There are many ways to find the right person.
- Word of mouth – get the word out and ask around if anyone knows someone with the skill set you’re looking for.
- Social networking – LinkedIn, Twitter and Facebook are all good resources to help find job candidates.
- Craigslist – use advertising websites.
- Online recruitment sites such as Monster, Career-builder, Jobs.com, etc.
- Old fashioned newspaper ads – this is a dated way to find job candidates but there is a certain demographic that still goes to the newspaper to look for jobs.
Step 3: Identify the right candidate
The hiring process needs to be approached as a symbolic microcosm of what to expect from the candidate as an employee.
Once you have all the applicants, review the applications and look for the obvious:
- How is the information presented – is it professional looking, are there typos, how is the information organized? Obviously, you would look at this very differently if you are looking for someone to help with facilities as compared to hiring a Web designer in The Woodlands.

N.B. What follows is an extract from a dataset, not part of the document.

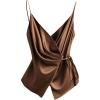 image:imageRoseSeek Womens Tie Side Wrap Camisole Tops Spaghetti Strap V Neck Elegant Blouses ShirtsBrown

- What is their work history – where has the person worked, what kinds of jobs have they had in what kinds of industries?
- What are their accomplishments in prior positions? Look for quantifiable accomplishments.
- What is the length of employment at other positions – you want to see if there is a pattern with someone moving to new jobs every few years. This is sometimes an indication of employment instability.
- What is their educational background – look for relevant education.
Step 4: First phone call
Compile a list of suitable questions you can ask over the phone to help you quickly identify qualified candidates and eliminate everyone else. Using a consistent set of questions in both this step and your face-to-face interviews will help ensure you’re evaluating candidates equally.
During the call cover the following:
- Ask them to talk about specifics that relate to the non-negotiables of the position.
- What stage of their career are they in.
- Ask what salary they are currently on. This is such a deal breaker it is good to handle early.
- Clarify the hours. Discuss where they live and the distance needed to travel to work. Do they have a car, etc.
- Answer any of their questions
- Ask what their availability is like in terms of when they could start work.
Step 5: The Interview
Interviewing is a tricky thing and is a skill that can be developed. This is a list of some questions that can be asked to learn more about the candidate and how they respond to the work environment.
- What are your strengths and weaknesses? How will they help or not in the position?
- How would a colleague or friend describe you?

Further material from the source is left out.